── GIVEN RECORDS
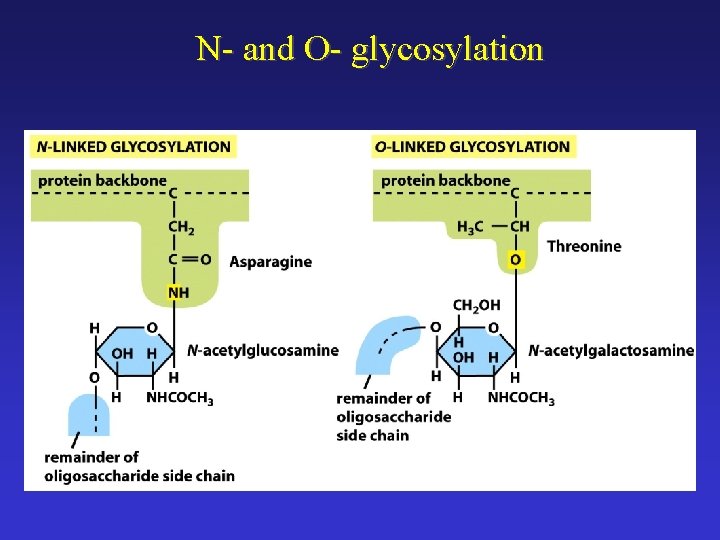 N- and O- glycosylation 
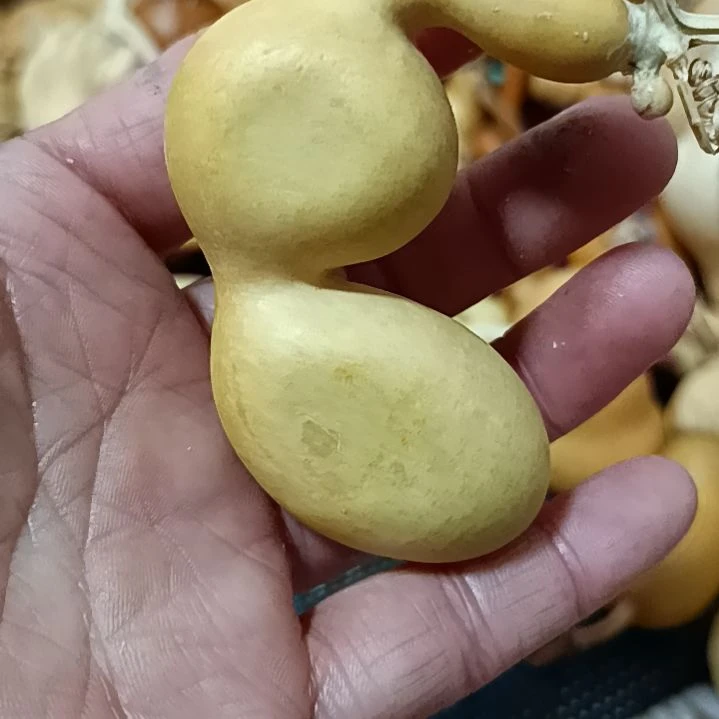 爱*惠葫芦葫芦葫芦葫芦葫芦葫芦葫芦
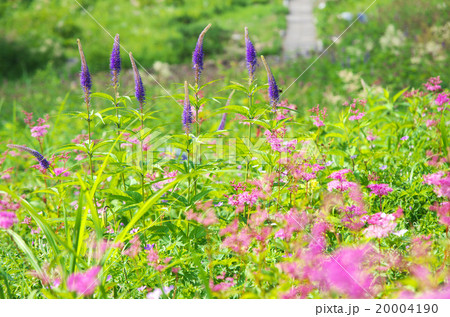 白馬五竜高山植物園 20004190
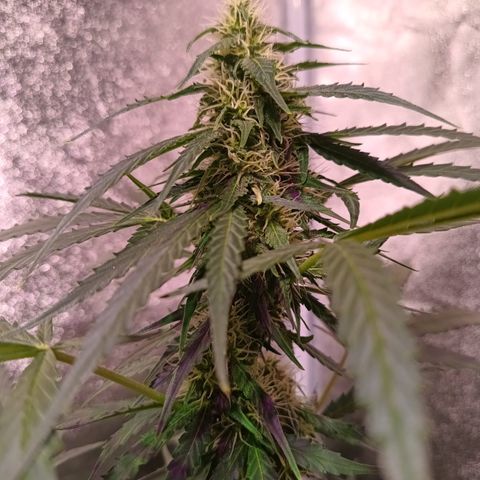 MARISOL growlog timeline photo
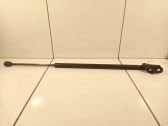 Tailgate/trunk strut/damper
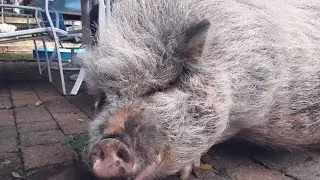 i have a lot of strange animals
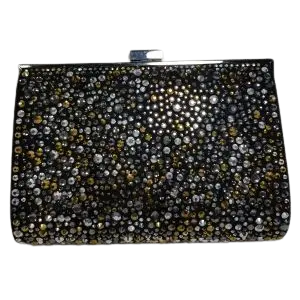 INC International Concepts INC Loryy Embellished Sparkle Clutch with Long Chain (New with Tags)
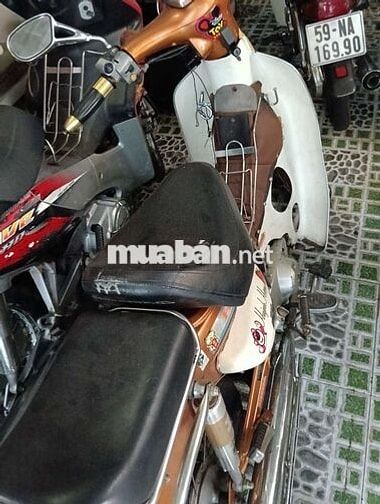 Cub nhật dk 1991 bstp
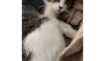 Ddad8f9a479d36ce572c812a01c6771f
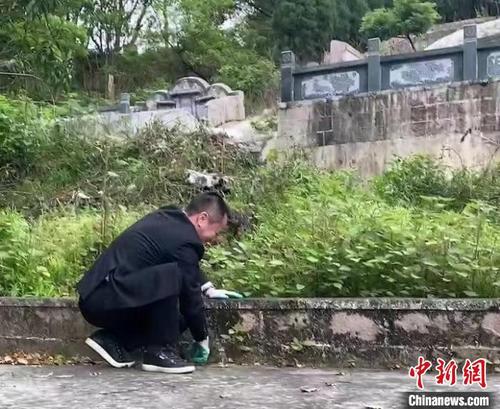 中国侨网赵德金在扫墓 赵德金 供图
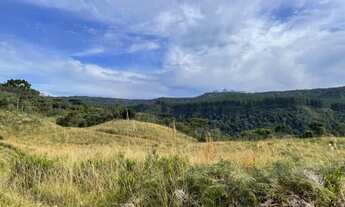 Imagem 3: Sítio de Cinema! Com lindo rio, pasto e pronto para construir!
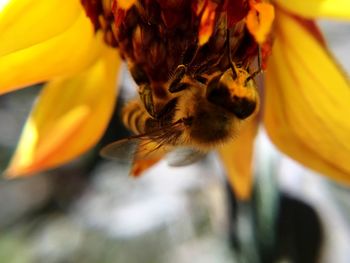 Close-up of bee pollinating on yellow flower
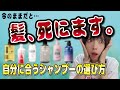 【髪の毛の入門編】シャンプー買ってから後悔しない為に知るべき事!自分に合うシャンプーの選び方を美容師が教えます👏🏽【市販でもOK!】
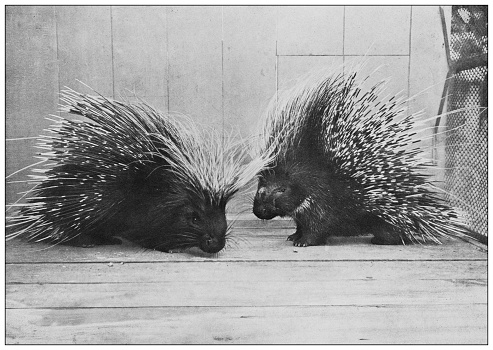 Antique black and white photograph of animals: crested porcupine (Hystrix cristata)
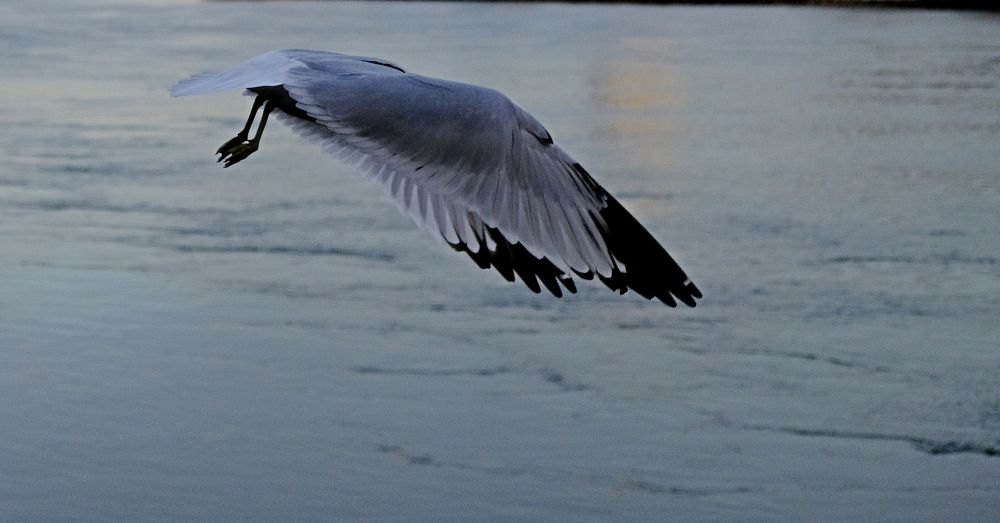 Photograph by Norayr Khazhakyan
────
── GIVEN RECORDS
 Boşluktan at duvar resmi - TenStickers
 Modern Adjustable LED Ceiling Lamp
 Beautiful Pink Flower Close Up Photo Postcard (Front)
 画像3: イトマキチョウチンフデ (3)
────
── GIVEN RECORDS
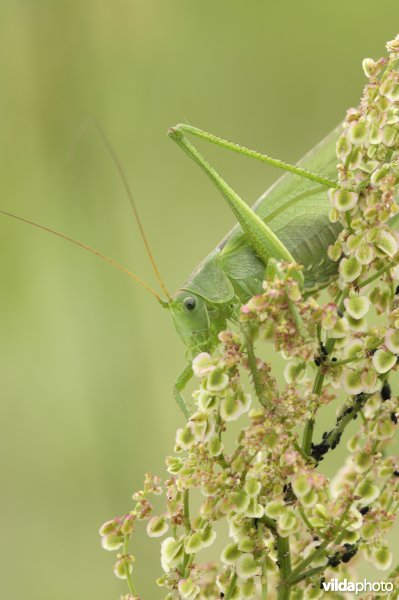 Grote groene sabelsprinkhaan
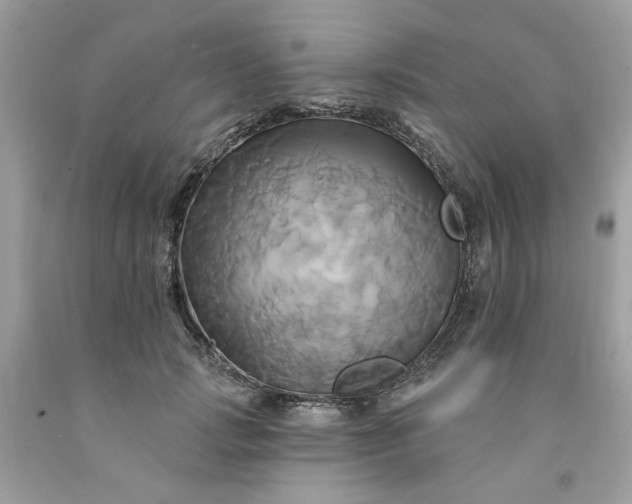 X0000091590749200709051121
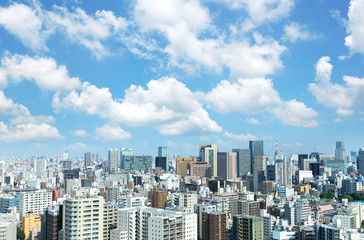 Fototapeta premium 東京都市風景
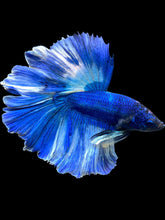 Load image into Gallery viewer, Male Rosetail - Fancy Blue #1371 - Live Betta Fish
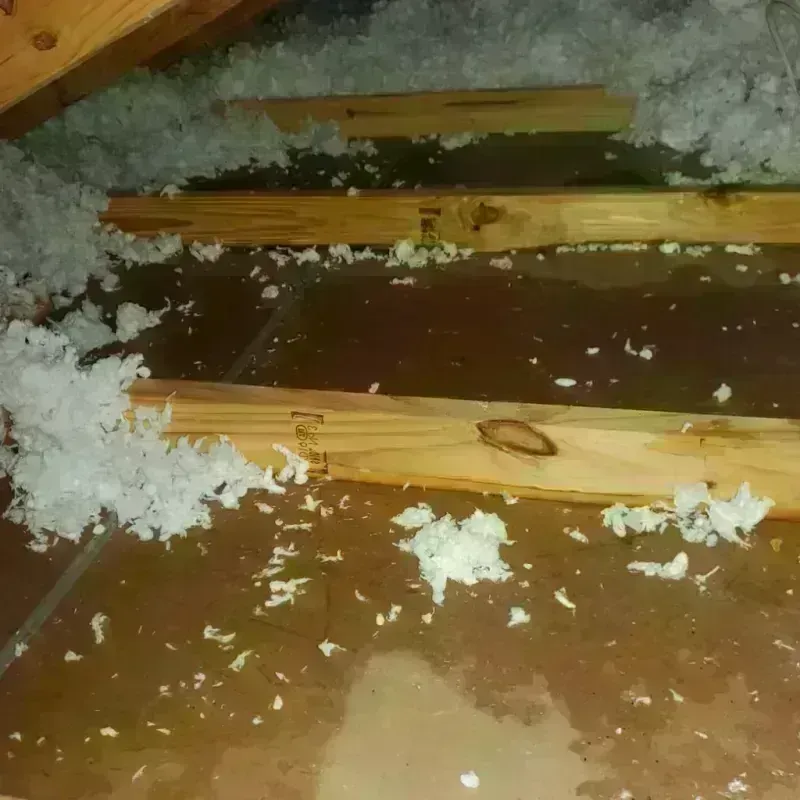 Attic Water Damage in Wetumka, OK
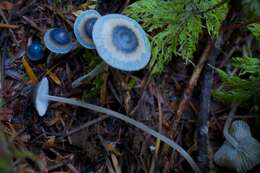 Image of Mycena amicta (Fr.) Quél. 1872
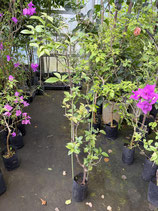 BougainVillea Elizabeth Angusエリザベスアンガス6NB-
────
* TASK DIRECTIONS
Produce an exact reproduction of the listing above, limited to the lines starting at the line with "白馬五竜高山植物園 20004190" and ending at the line with "Photograph by Norayr Khazhakyan", both kept, with every picture left out.

* RESULT
 白馬五竜高山植物園 20004190
 MARISOL growlog timeline photo
 Tailgate/trunk strut/damper
 i have a lot of strange animals
 INC International Concepts INC Loryy Embellished Sparkle Clutch with Long Chain (New with Tags)
 Cub nhật dk 1991 bstp
 Ddad8f9a479d36ce572c812a01c6771f
 中国侨网赵德金在扫墓 赵德金 供图
 Imagem 3: Sítio de Cinema! Com lindo rio, pasto e pronto para construir!
 Close-up of bee pollinating on yellow flower
 【髪の毛の入門編】シャンプー買ってから後悔しない為に知るべき事!自分に合うシャンプーの選び方を美容師が教えます👏🏽【市販でもOK!】
 Antique black and white photograph of animals: crested porcupine (Hystrix cristata)
 Photograph by Norayr Khazhakyan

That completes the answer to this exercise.